Looking for chemical reaction networks exhibiting a drift along a manifold of marginally stable states

I recently reported some examples of mass-action equations that have a continuous manifold of marginally stable stationary states [Brogioli, D., 2010. Marginally stable chemical systems as precursors of life. Phys. Rev. Lett. 105, 058102; Brogioli, D., 2011. Marginal stability in chemical systems and its relevance in the origin of life. Phys. Rev. E 84, 031931]. The corresponding chemical reaction networks show nonclassical effects, i.e. a violation of the mass-action equations, under the effect of the concentration fluctuations: the chemical system drifts along the marginally stable states. I proposed that this effect is potentially involved in abiogenesis. In the present paper, I analyze the mathematical properties of mass-action equations of marginally stable chemical reaction networks.

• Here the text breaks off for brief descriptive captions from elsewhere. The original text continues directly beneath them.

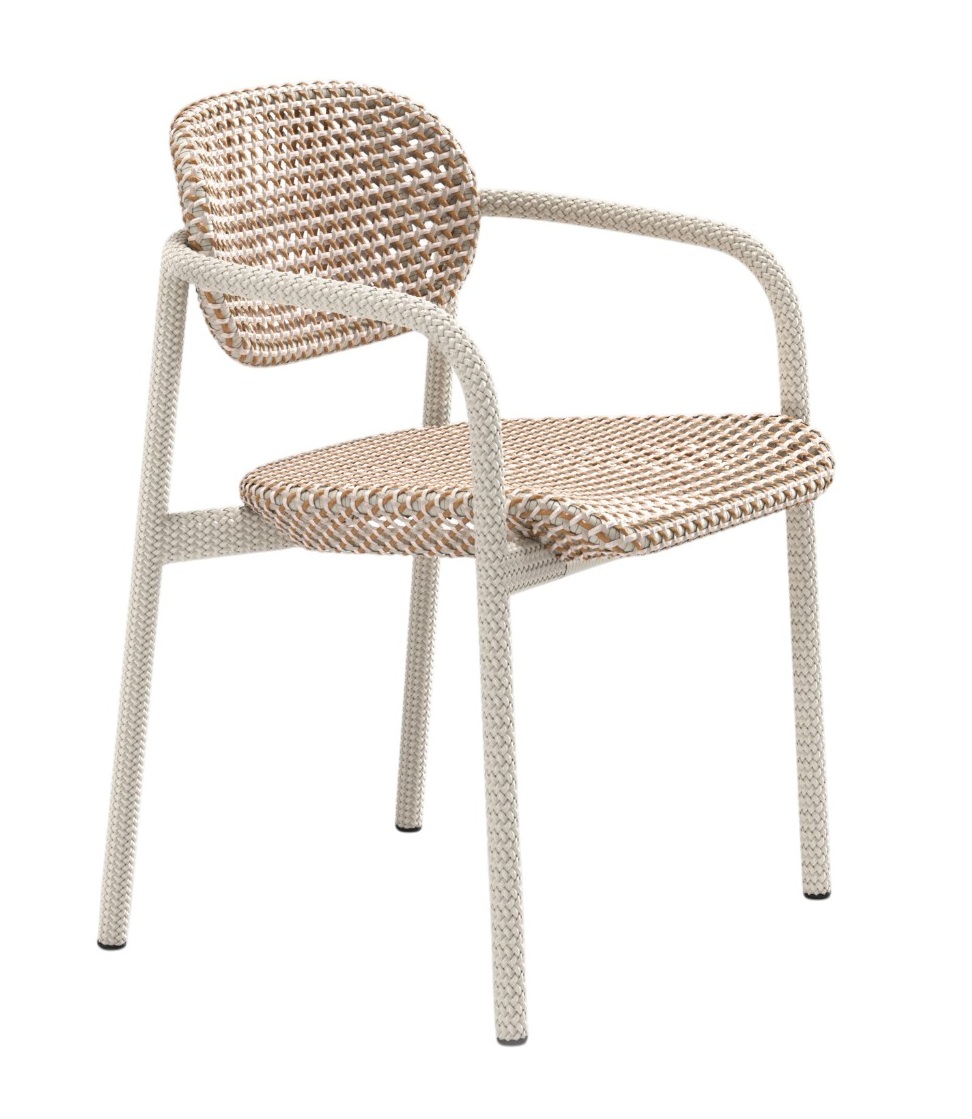 ROII Outdoor Armchair Armstoel Dedon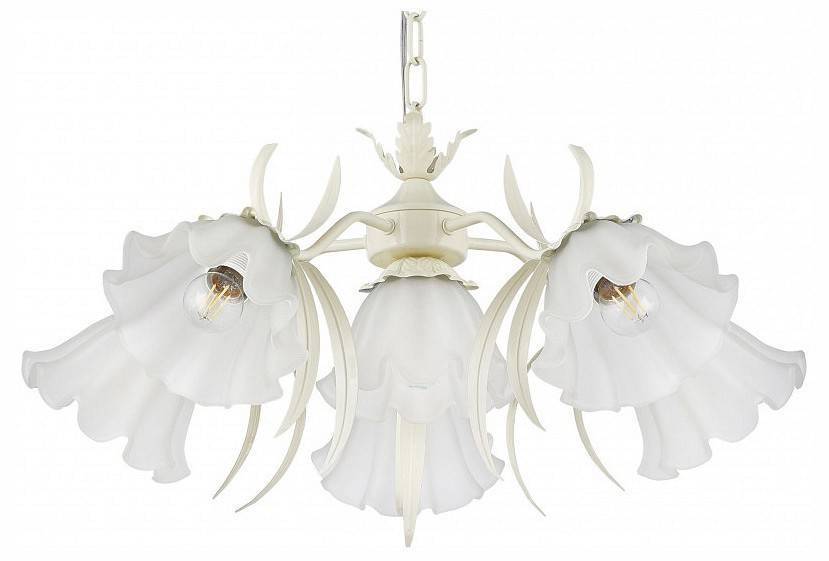 Подвесная люстра Arte Milano AM-Napoli 6xE14 D680 мм 316066/D680/6 IV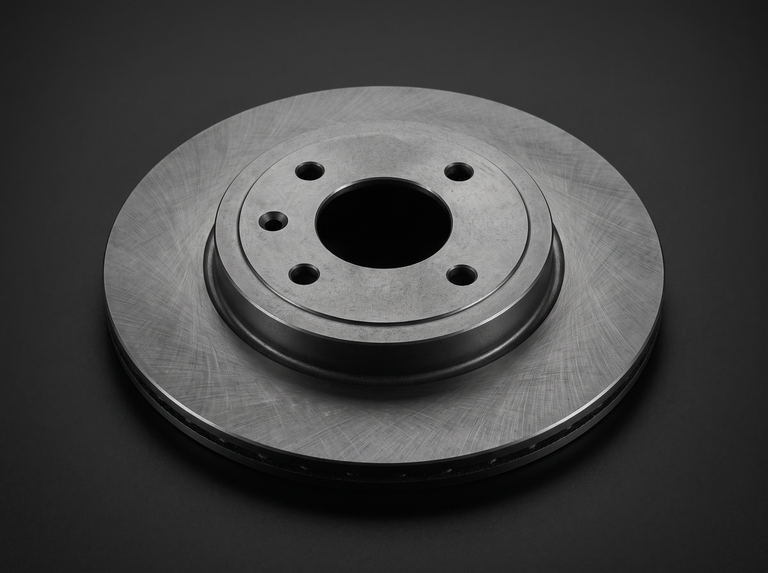Regeneriertes Produktbild – BLUE PRINT ADN14348 Bremsscheibe
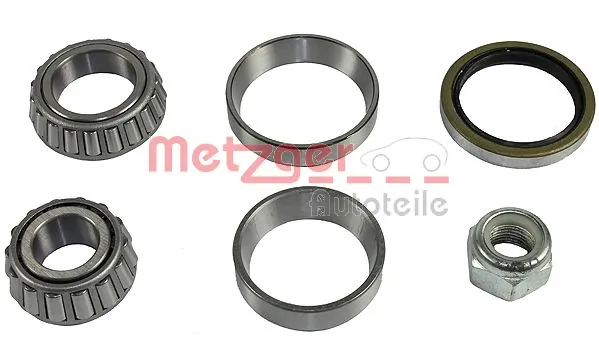 Wheel Bearing Kit WM 602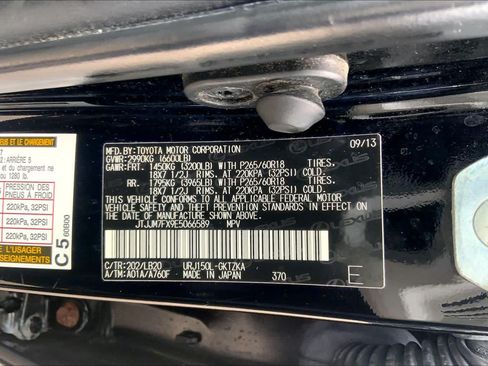 Used 2014 Lexus GX 460 Luxury AWD/4WD image 66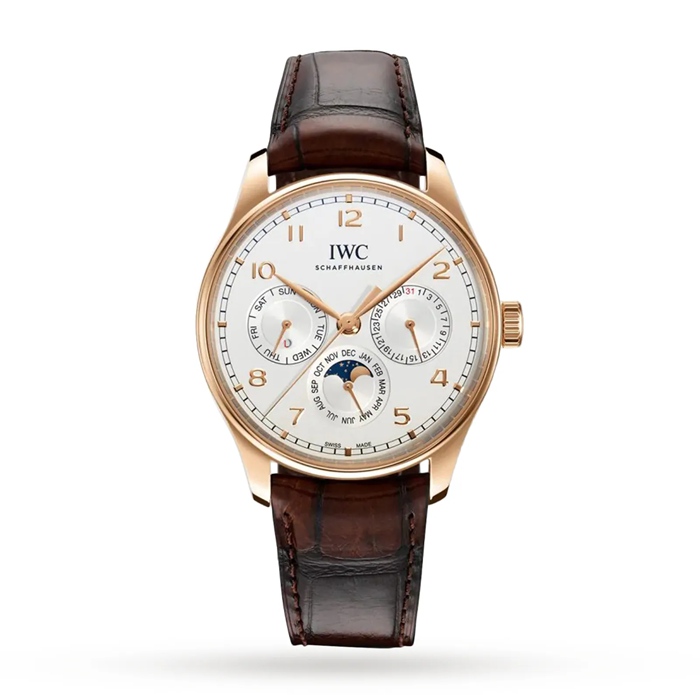 IWC Portugieser Calendario Perpetuo 42 IW344202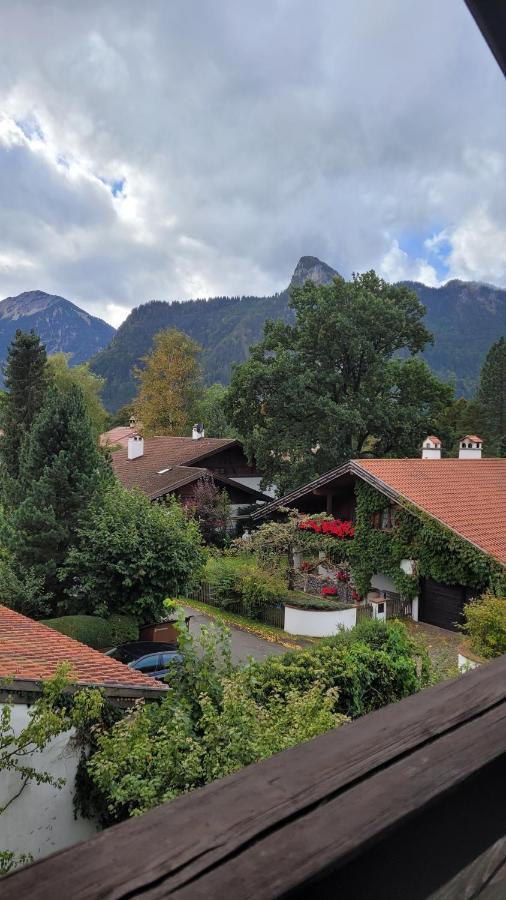 奥巴拉马高Heike Hauswirth Panorama公寓 外观 照片
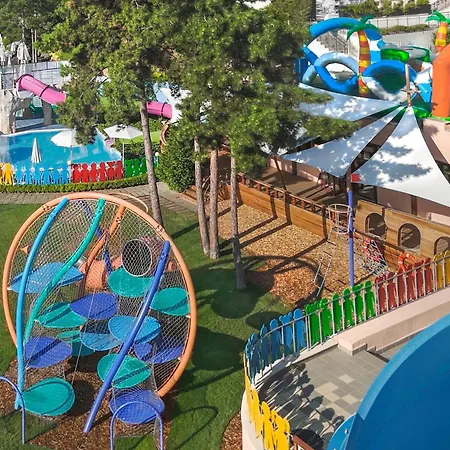 Hotel Aquaclub Grifid Bolero - Ultra Inclusive&private Golden Sands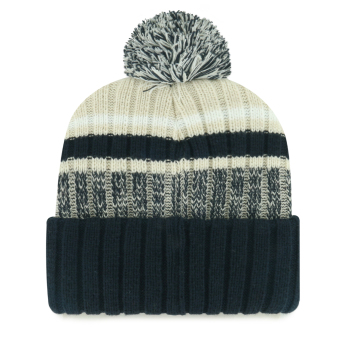 Toronto Maple Leafs зимна шапка Long Range 47 Cuff Knit Natural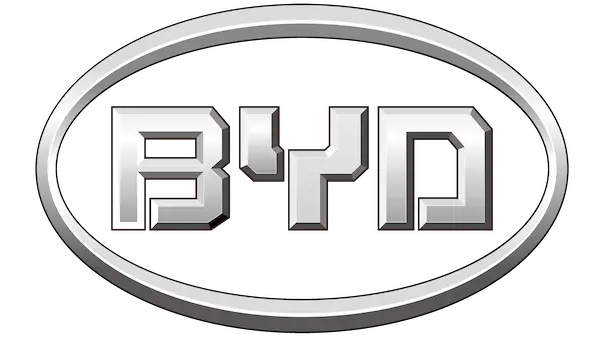 BYD Logo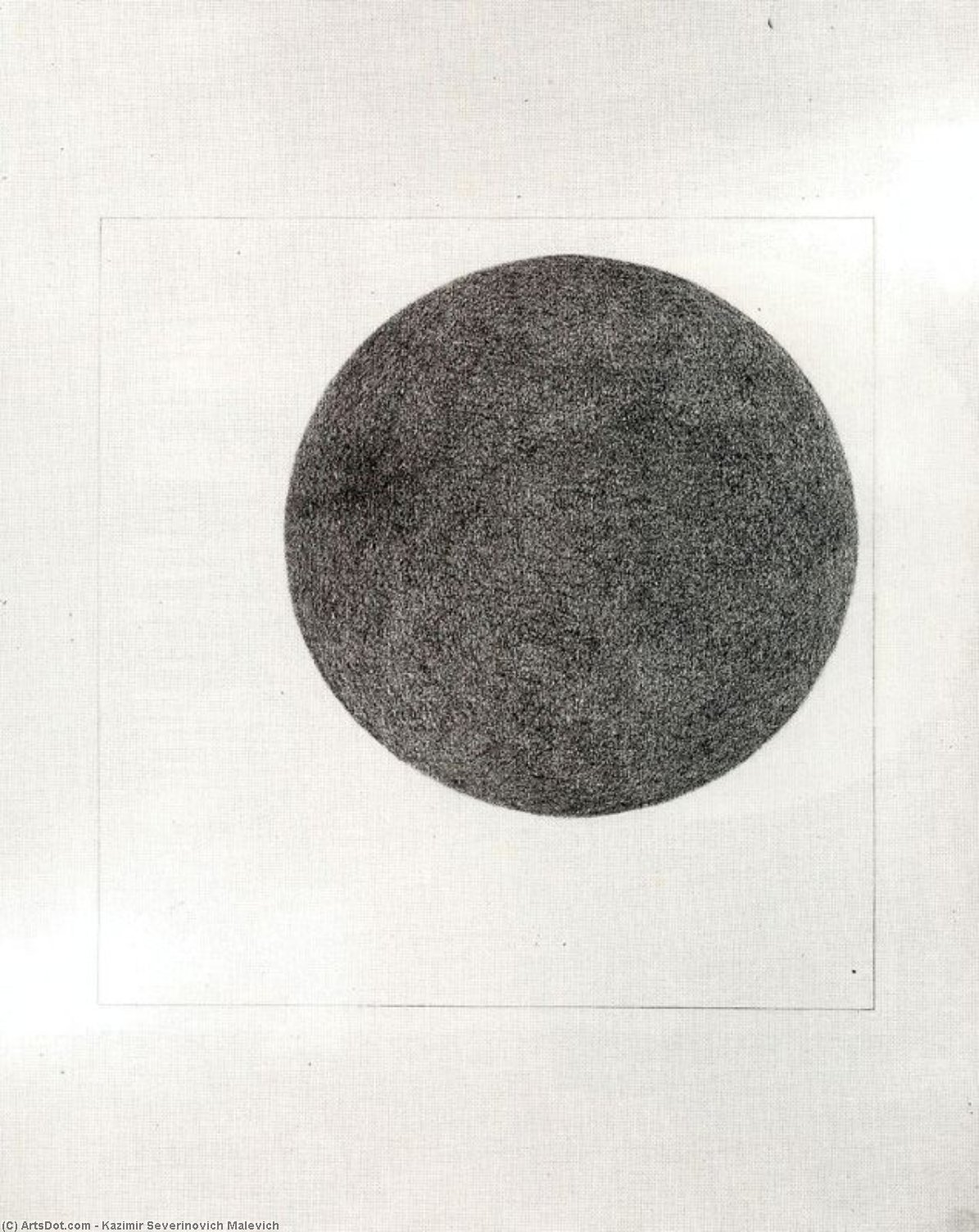 Circle — Казимир Малевич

The marginal stability implies that the mass-action equations obey some conservation law; I show that the mathematical properties of the conserved quantity characterize the motion along the marginally stable stationary state manifold, i.e. they allow to predict if the fluctuations give rise to a random walk or a drift under the effect of concentration fluctuations. Moreover, I show that the presence of the drift along the manifold of marginally stable stationary-states is a critical property, i.e. at least one of the reaction constants must be fine tuned in order to obtain the drift.